Gather all lines from the material that contain the word "Plastic".

## Dataset records
* * * * *
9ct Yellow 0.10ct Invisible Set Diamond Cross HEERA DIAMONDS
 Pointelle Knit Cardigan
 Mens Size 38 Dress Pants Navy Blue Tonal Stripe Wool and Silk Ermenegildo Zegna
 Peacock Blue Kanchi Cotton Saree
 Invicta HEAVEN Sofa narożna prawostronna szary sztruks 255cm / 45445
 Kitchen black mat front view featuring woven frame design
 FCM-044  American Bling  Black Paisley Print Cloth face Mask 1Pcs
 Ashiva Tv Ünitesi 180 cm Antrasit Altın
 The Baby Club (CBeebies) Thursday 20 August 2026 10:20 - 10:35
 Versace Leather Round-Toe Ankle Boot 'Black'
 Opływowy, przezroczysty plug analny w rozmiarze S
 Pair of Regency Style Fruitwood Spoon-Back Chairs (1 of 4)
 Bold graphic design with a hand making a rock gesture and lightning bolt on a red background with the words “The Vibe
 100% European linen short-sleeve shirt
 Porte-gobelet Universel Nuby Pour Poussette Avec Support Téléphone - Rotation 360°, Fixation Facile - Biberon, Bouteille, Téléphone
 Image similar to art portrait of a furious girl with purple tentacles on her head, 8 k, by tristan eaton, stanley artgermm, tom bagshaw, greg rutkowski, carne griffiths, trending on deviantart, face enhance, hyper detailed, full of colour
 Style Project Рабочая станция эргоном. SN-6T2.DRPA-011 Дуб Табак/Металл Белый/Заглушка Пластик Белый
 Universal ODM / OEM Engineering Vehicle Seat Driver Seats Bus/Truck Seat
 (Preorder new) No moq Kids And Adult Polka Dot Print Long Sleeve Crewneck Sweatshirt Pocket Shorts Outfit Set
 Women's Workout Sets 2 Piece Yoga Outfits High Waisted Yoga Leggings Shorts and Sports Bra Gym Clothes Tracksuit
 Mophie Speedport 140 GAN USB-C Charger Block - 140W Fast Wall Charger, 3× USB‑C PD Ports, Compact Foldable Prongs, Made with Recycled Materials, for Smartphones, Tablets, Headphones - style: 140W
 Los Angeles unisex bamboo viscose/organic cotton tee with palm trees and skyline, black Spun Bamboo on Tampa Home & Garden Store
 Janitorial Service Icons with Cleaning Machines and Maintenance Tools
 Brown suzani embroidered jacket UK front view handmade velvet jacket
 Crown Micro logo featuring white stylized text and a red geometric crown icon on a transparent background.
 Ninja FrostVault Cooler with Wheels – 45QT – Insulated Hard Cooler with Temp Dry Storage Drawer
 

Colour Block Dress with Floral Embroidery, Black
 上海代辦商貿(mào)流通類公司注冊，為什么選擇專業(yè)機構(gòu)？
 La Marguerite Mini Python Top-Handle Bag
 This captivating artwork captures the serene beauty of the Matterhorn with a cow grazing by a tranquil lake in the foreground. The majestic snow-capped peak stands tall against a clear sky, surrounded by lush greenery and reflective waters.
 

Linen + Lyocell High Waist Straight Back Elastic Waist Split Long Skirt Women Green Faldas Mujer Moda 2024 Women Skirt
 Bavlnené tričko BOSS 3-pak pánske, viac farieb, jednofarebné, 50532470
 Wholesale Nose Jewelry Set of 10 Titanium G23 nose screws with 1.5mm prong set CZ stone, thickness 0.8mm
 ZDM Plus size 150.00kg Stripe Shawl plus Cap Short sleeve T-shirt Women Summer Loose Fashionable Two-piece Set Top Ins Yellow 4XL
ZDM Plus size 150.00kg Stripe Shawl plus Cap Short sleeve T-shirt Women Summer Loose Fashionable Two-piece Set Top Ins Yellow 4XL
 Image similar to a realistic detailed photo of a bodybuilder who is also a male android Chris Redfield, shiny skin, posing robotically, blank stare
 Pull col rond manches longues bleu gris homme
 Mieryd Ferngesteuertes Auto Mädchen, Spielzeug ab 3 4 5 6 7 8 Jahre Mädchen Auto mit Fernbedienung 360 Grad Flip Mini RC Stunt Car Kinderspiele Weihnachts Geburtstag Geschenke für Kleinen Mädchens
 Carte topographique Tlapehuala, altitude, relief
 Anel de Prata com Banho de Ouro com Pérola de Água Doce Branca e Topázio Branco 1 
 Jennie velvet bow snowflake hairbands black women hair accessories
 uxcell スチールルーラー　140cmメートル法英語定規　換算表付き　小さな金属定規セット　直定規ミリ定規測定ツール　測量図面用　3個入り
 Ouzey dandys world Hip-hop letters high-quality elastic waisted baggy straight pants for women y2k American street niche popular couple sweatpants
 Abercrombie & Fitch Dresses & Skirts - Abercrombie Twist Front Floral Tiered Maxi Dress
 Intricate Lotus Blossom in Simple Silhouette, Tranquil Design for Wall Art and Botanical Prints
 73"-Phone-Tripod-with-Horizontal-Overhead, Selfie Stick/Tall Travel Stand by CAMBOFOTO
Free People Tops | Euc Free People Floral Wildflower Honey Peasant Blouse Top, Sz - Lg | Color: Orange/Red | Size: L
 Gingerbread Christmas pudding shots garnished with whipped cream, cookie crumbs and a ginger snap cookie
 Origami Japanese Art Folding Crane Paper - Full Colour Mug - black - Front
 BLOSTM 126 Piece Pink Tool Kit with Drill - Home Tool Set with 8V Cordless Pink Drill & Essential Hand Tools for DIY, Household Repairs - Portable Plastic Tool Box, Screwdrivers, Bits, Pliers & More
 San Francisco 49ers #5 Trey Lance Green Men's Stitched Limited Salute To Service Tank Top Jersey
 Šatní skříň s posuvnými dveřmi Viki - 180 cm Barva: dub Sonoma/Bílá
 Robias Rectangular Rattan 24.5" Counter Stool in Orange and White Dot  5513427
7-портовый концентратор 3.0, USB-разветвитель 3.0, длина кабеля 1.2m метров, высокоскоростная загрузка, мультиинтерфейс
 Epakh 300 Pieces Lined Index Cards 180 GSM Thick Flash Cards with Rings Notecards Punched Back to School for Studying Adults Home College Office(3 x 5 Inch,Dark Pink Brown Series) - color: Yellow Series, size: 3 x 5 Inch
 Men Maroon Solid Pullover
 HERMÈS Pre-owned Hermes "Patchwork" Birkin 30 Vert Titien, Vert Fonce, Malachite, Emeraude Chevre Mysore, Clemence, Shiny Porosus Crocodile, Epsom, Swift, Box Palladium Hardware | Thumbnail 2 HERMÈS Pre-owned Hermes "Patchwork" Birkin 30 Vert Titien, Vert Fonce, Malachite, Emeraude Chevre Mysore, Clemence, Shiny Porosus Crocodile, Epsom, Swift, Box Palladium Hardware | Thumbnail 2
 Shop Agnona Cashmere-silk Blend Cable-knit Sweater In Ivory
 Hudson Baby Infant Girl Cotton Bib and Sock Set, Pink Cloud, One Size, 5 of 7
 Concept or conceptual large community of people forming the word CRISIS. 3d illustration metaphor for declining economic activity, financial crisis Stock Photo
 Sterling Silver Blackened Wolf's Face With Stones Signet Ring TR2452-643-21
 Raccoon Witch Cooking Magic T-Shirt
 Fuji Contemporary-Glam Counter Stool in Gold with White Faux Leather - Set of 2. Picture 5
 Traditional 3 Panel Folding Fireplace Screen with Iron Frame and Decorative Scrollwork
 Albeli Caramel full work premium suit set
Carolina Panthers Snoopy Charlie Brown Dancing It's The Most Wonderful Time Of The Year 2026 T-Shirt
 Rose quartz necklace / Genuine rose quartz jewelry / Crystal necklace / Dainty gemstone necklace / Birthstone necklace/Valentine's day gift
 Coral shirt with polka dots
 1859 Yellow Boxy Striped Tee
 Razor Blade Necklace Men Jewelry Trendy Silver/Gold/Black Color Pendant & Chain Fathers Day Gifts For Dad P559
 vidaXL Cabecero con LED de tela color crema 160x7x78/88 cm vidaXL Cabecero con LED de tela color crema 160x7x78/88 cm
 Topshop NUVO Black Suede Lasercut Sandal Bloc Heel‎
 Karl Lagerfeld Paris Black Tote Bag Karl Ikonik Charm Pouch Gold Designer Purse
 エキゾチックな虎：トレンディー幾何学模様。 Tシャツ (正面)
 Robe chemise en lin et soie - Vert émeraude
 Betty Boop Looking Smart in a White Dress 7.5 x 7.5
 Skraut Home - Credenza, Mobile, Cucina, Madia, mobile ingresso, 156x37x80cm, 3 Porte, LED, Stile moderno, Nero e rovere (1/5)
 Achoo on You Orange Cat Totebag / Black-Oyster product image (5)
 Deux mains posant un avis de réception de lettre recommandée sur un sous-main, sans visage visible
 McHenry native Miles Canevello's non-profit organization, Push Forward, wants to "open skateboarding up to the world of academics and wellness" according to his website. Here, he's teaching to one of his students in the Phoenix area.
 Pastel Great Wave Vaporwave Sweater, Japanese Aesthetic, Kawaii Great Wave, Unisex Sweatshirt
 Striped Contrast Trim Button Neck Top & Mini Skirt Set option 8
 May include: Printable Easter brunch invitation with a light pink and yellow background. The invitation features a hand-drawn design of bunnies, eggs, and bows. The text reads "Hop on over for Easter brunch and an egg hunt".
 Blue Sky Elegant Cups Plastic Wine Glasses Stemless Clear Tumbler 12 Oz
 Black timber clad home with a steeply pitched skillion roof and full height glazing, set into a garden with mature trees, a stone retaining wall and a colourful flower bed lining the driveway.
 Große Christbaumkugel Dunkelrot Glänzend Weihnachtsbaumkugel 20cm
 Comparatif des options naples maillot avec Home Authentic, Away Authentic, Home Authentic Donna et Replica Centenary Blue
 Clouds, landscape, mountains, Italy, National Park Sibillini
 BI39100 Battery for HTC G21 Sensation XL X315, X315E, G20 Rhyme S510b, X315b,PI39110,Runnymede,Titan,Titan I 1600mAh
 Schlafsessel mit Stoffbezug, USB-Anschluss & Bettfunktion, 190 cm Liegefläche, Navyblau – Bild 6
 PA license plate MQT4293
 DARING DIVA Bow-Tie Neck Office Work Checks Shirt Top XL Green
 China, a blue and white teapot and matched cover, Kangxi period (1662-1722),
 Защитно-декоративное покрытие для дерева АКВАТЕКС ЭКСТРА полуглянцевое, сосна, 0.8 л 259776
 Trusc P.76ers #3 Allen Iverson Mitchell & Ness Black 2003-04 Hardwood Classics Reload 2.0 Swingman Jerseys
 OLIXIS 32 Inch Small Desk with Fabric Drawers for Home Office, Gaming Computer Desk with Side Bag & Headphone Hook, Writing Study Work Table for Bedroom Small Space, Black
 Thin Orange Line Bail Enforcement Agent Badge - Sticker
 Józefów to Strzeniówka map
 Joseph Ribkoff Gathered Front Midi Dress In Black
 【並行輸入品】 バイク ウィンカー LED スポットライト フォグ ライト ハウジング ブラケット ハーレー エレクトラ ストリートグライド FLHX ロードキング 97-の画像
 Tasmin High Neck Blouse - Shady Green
* * * * *
## Solved exercise
 BLOSTM 126 Piece Pink Tool Kit with Drill - Home Tool Set with 8V Cordless Pink Drill & Essential Hand Tools for DIY, Household Repairs - Portable Plastic Tool Box, Screwdrivers, Bits, Pliers & More
 Blue Sky Elegant Cups Plastic Wine Glasses Stemless Clear Tumbler 12 Oz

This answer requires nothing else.